Input material →
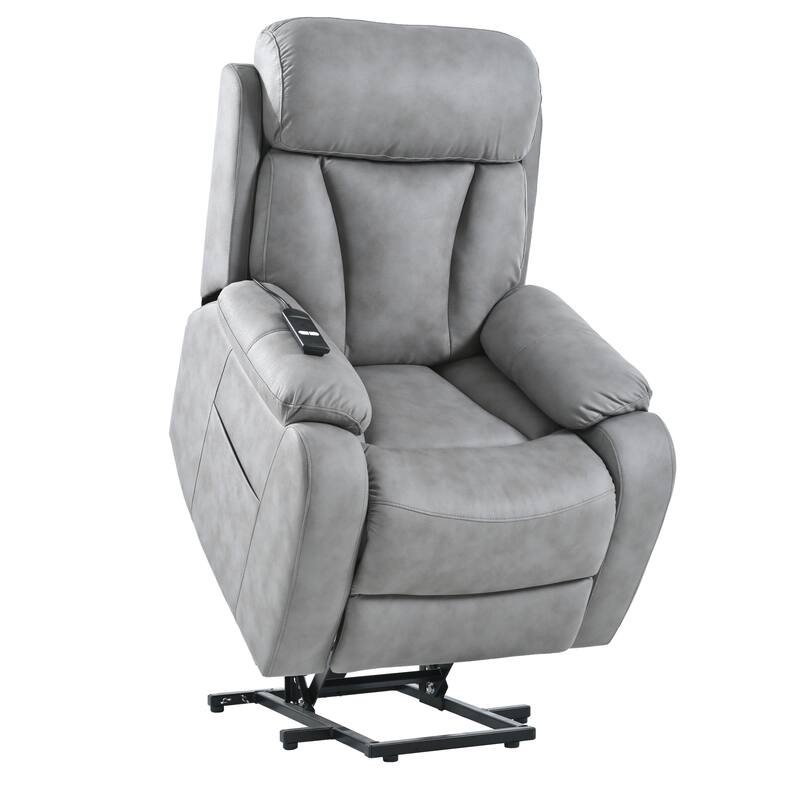 Elderly-Friendly Power Lift Recliner with Remote Control, Spacious Seat, Side Pocket, and Adjustable Angles
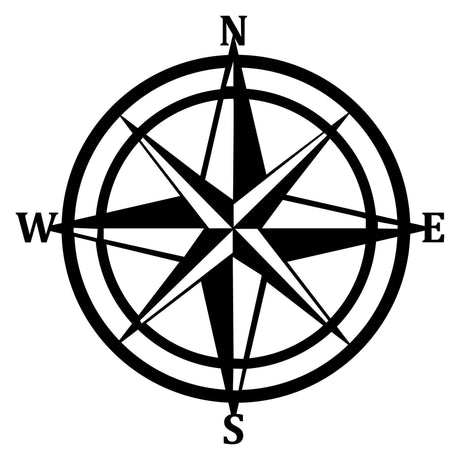 Decoratiune de perete Metal Compass, Negru, 55x1x55 cm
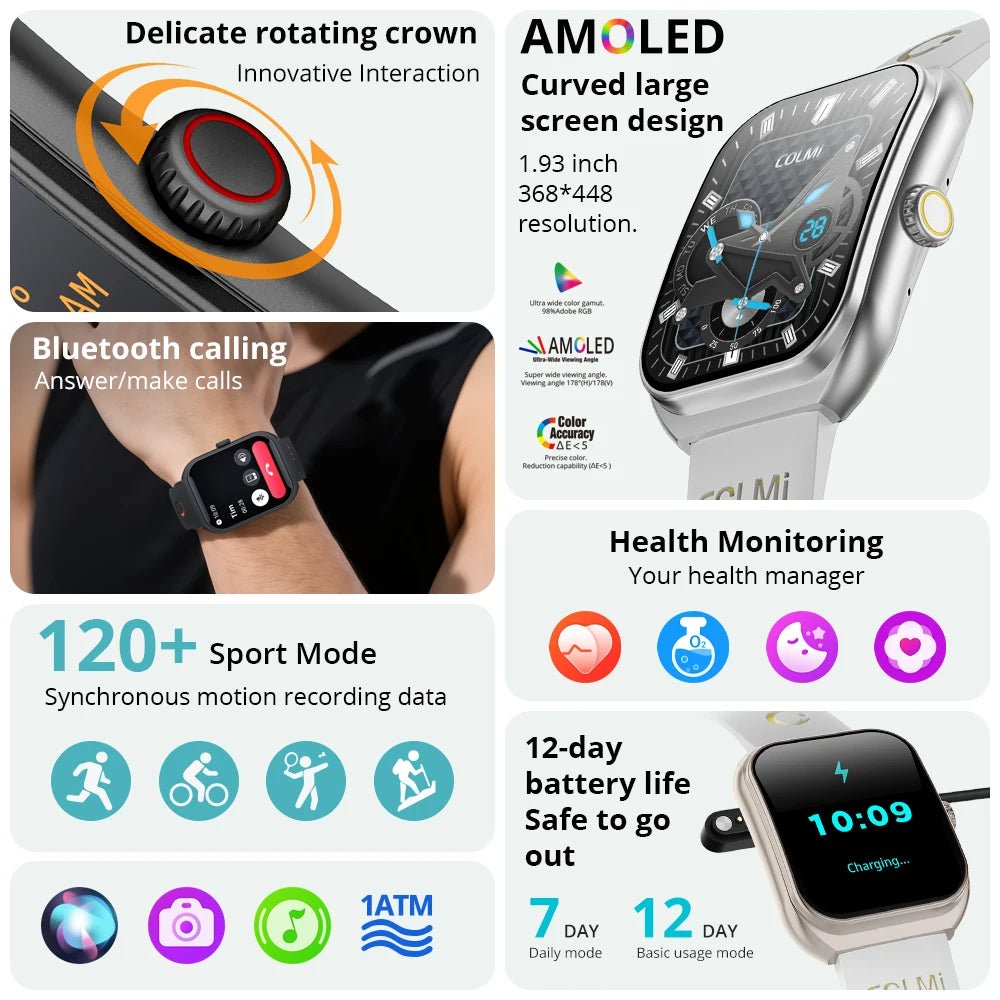COLMI P86 1.93″ AMOLED Smartwatch – Bluetooth Calls, IP68, Pale Gold - Revel Smart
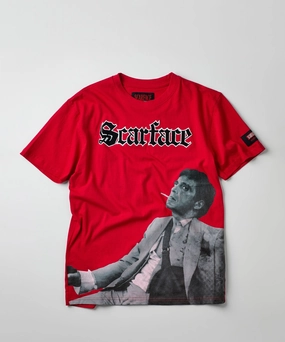 UV protection layer Stretch Woven Material Scarface Old English Short Sleeve Tee - Red
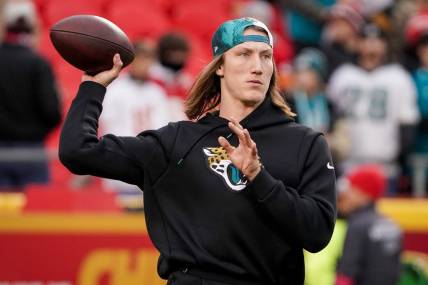 Jan 21, 2023; Kansas City, Missouri, USA; Jacksonville Jaguars quarterback Trevor Lawrence (16) warms up prior to an AFC divisional round game against the Kansas City Chiefs at GEHA Field at Arrowhead Stadium. Mandatory Credit: Denny Medley-USA TODAY Sports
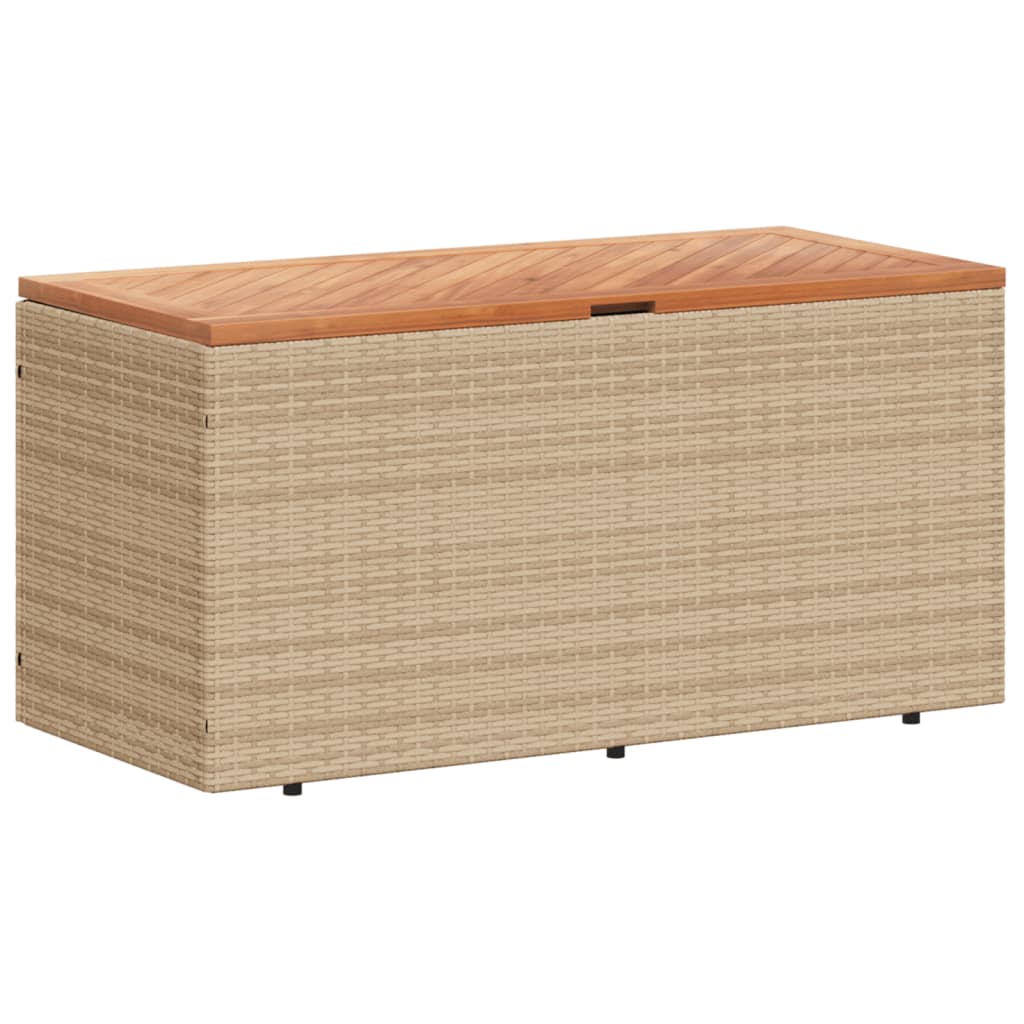 Tuinbox 110X50X54 Cm Poly Rattan En Acaciahout Beige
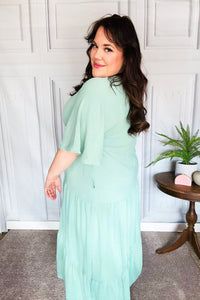 All About Spring Elastic V Neck Tiered Maxi Dress in Mint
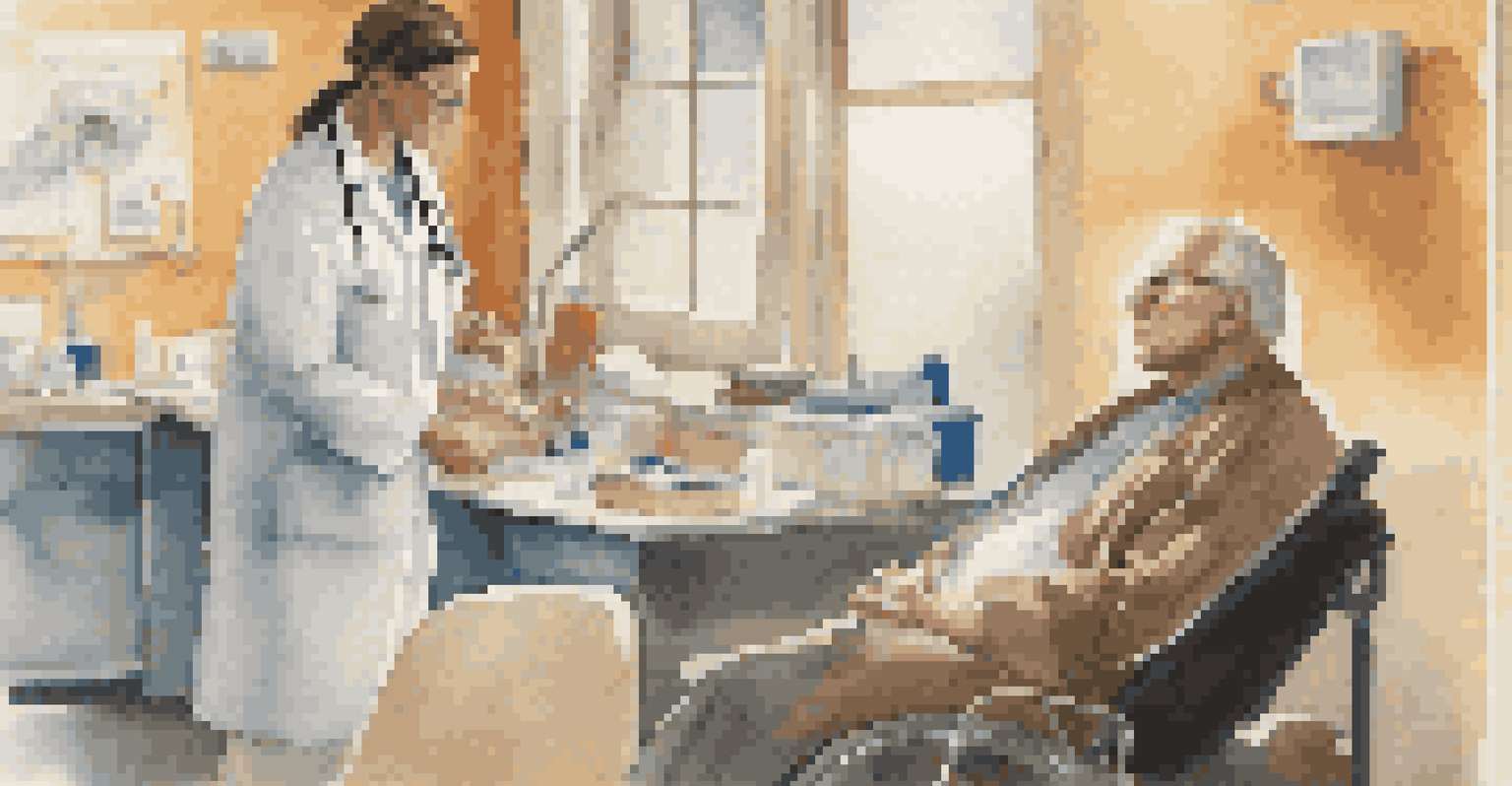 A healthcare provider attentively listening to a patient in a warm clinic environment, showcasing an empathetic interaction.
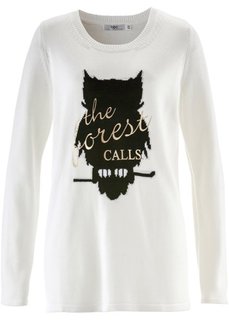 Пуловер с длинным рукавом и рисунком спереди (антрацитовый меланж) Bonprix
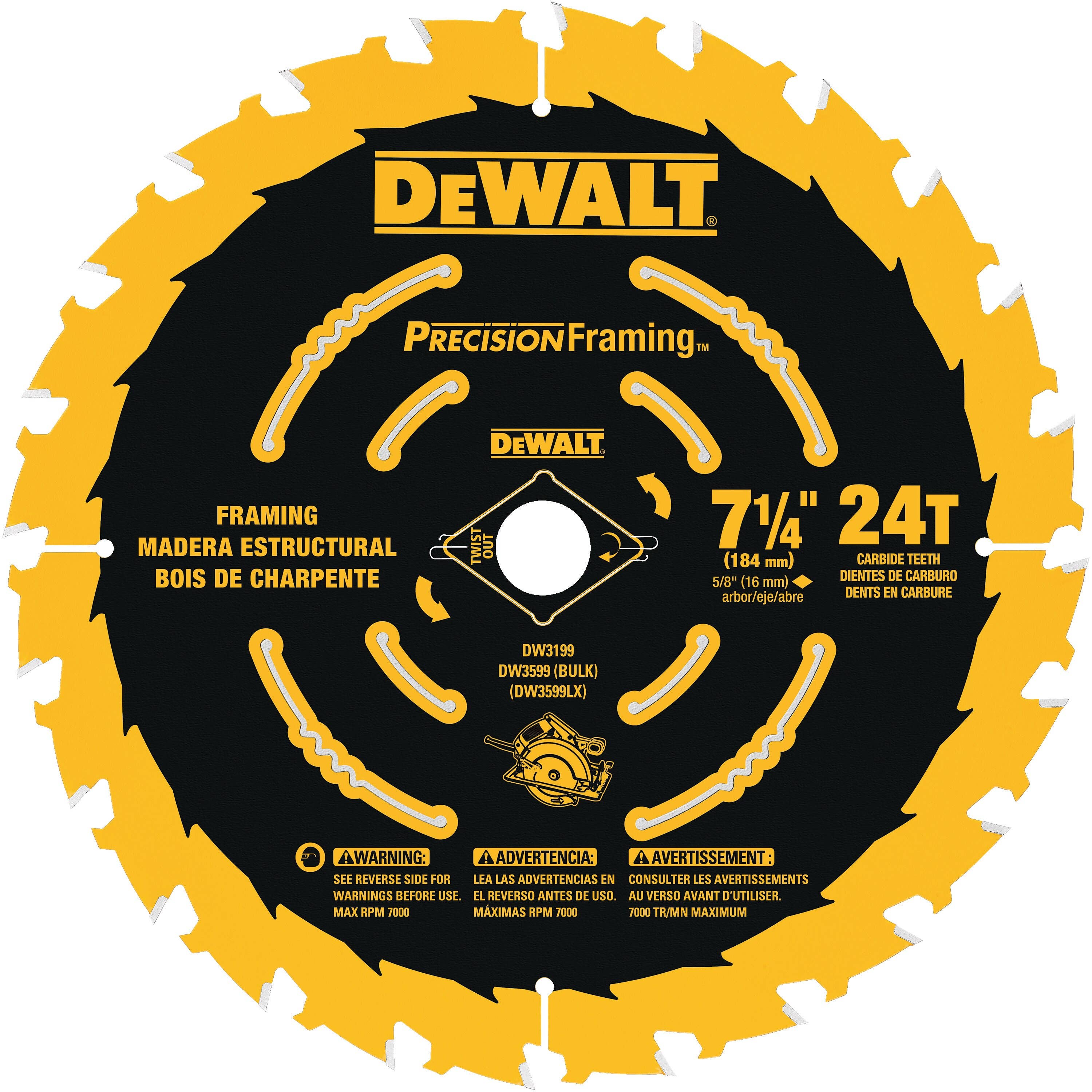 6-1/2" x .039" Precision Framing™ Framing Circular Saw Blade, 24 Teeth, 5/8" Arbor, 18 Degree Hook Angle, .063" Kerf, ATB Tooth Grind, DeWalt® DW9199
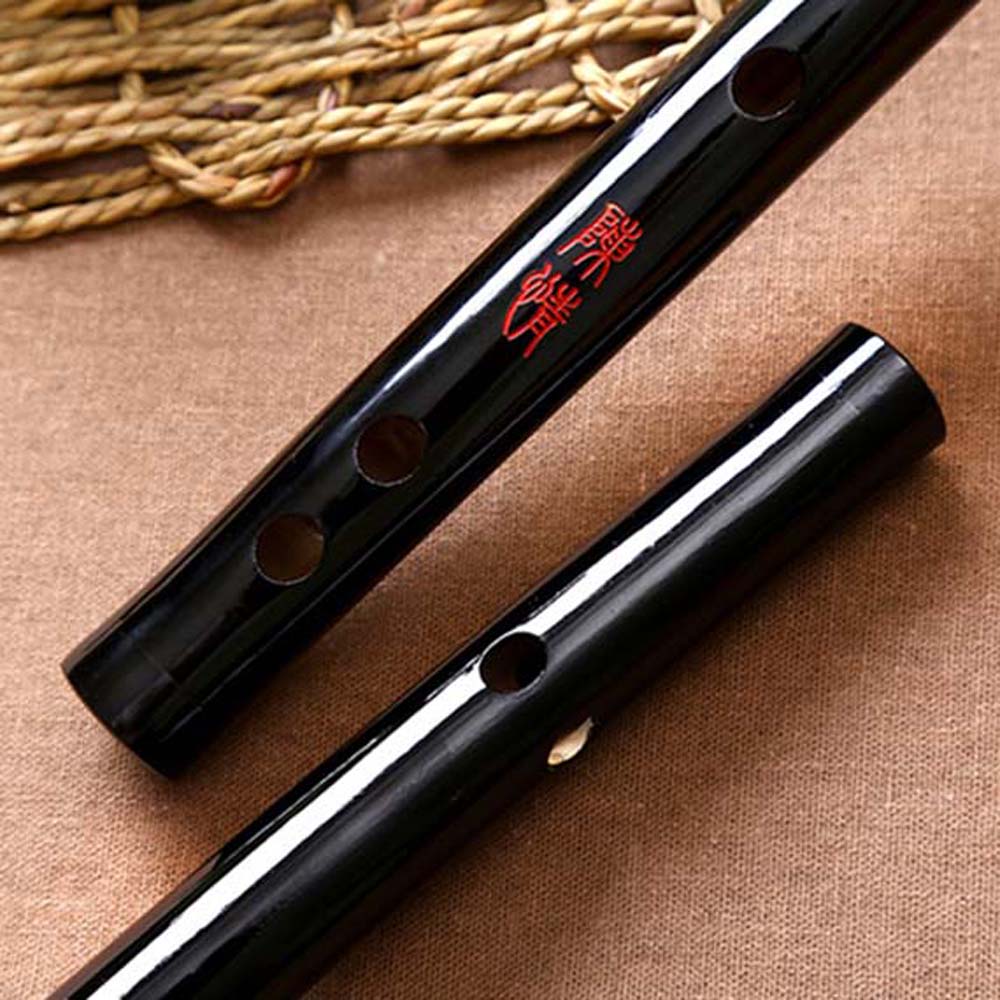 Key of D/Bitter Bamboo Black +Red D Key Dizi Black Bitter Bamboo Flute Chen Qing Flute with Free Membrane & Glue & Protector Set Traditional Chinese Instrument 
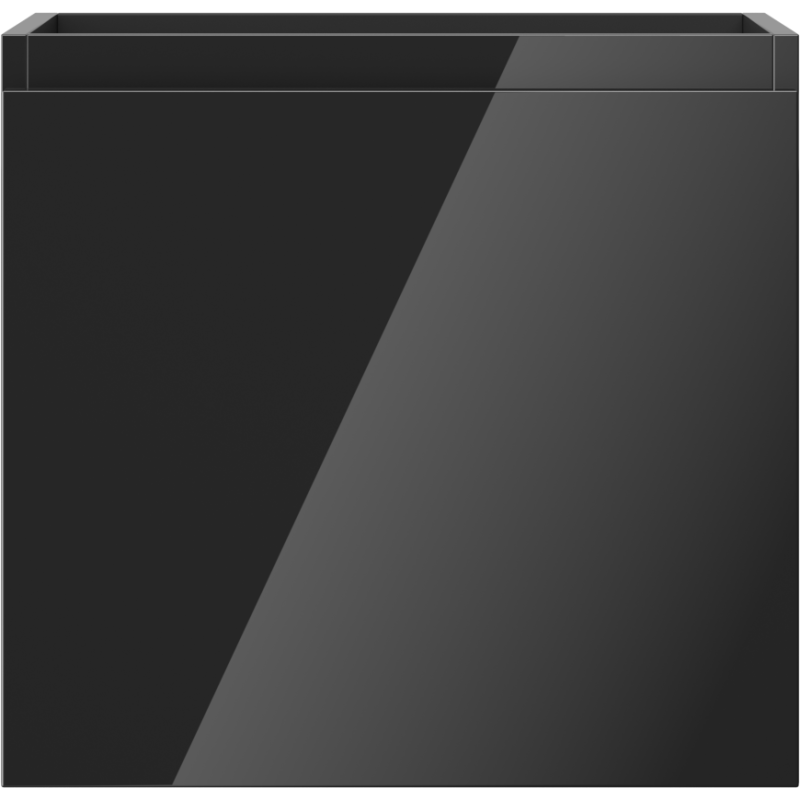 Underskap til servant i svart høyglans med glatt front og minimalistisk design, sett rett forfra.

What you should do → Print exactly the lines above that run from the one with "UV protection layer" down to the one with "A healthcare provider", and omit the pictures.

Task result →
 UV protection layer Stretch Woven Material Scarface Old English Short Sleeve Tee - Red
 Jan 21, 2023; Kansas City, Missouri, USA; Jacksonville Jaguars quarterback Trevor Lawrence (16) warms up prior to an AFC divisional round game against the Kansas City Chiefs at GEHA Field at Arrowhead Stadium. Mandatory Credit: Denny Medley-USA TODAY Sports
 Tuinbox 110X50X54 Cm Poly Rattan En Acaciahout Beige
 All About Spring Elastic V Neck Tiered Maxi Dress in Mint
 A healthcare provider attentively listening to a patient in a warm clinic environment, showcasing an empathetic interaction.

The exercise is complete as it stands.